The proposal to ‘modernise compulsory purchase orders to ensure vacant and derelict land can be brought into use for communities’ received a warmer reception. “It is right that positive opportunities to intervene are fully explored for sites where landowners would struggle to bring development forward without support,” said Barclay. “This echoes Homes for Scotland’s views on the need to prioritise positive interventions over financial penalties which would be unlikely to help unviable sites.

“We also look forward to seeing the detail of the SME Holding Fund as we recognize that the SME sector of the housing industry has been disproportionately impacted by the downturn and requires support if it is going to grow and help deliver the many thousands of homes this country needs.”

The Draft Budget 2017-18 also made available over £100 million for the Home Energy Efficiency Programmes for Scotland (HEEPS), to help improve the condition of Scotland’s homes as part of its commitment to make half a billion pounds available to support Scotland’s Energy Efficiency Programme (SEEP) over the next four years.

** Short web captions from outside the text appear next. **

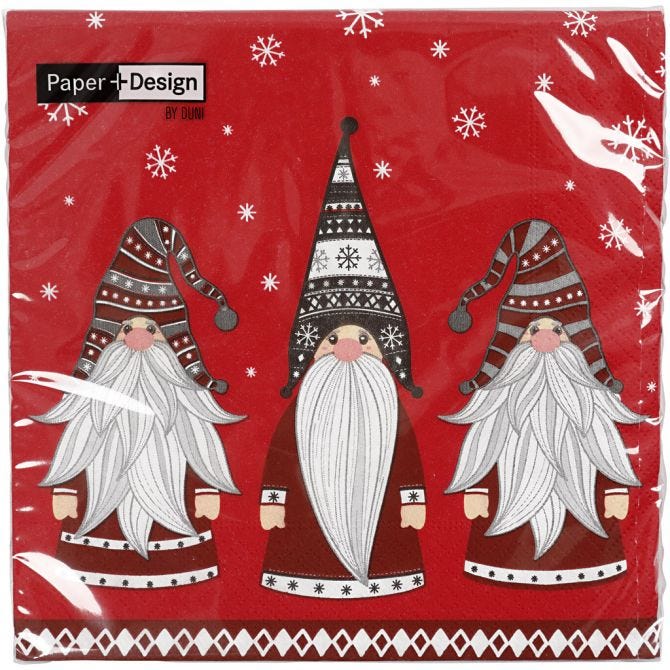Serviettes de table: Lutin, taille 33x33 cm, 20 pc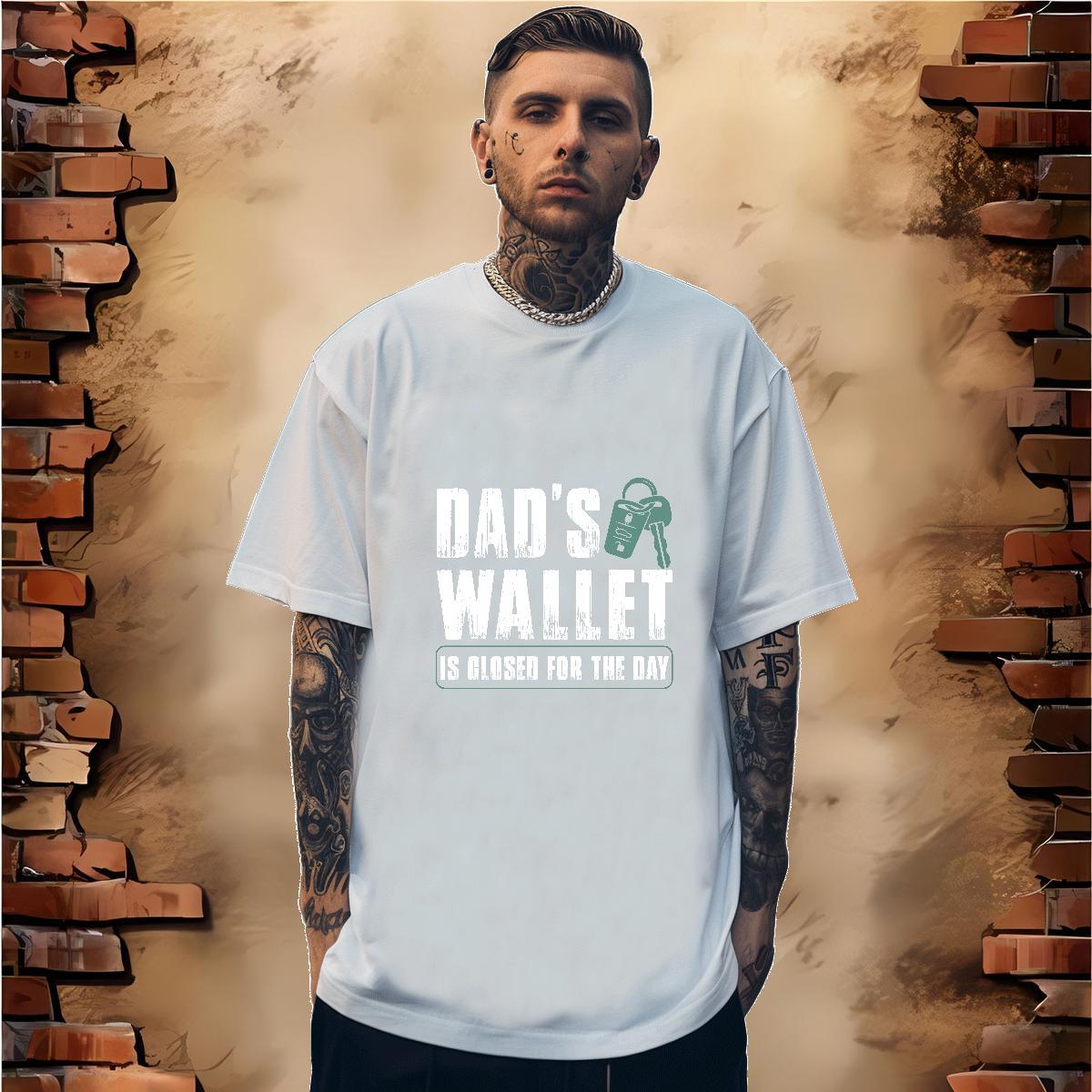 TOP Quality keys 100% Cotton 230g Men Clothes T-Shirt Daily Outfit Crew Neck T-Shirts for Men Custom DIY Printed Wear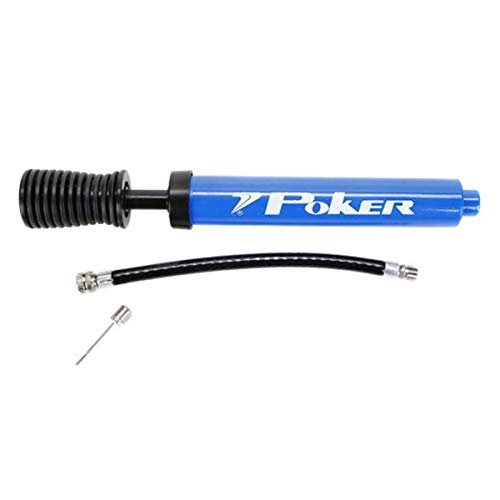 Bomba P/inflar Bola Poker Dupla Ação, Preto, unico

“The Scottish Government is right to recognise the importance of investing in our existing housing stock,” said Gordon Nelson, Director of FMB Scotland. “Scottish homes are amongst the oldest and least energy-efficient in Europe. They are in urgent need of upgrading.

“The latest figures show that 748,000 Scottish households are fuel poor, and over a quarter of our country’s CO2 emissions come from residential buildings. This underlines how important it is to bring our existing homes up to scratch. Added to this, there is a much wider range of benefits, to health, job creation and economic growth, which will follow from this investment. Given that only a few months ago, Theresa May scrapped the Department for Energy and Climate Change, leaving Westminster without strong advocates for energy efficiency investment, it is fair to say that Scotland is now leading the UK on this issue.

“When seen alongside the firm commitment to invest in infrastructure and a desire to focus on house building, it is clear that the Finance Minister is under no illusions about the economic challenges the country faces. We hope that the announcements made today mark the start of a serious programme of investment, so that Scotland can build the world class homes and infrastructure it needs in these uncertain times.”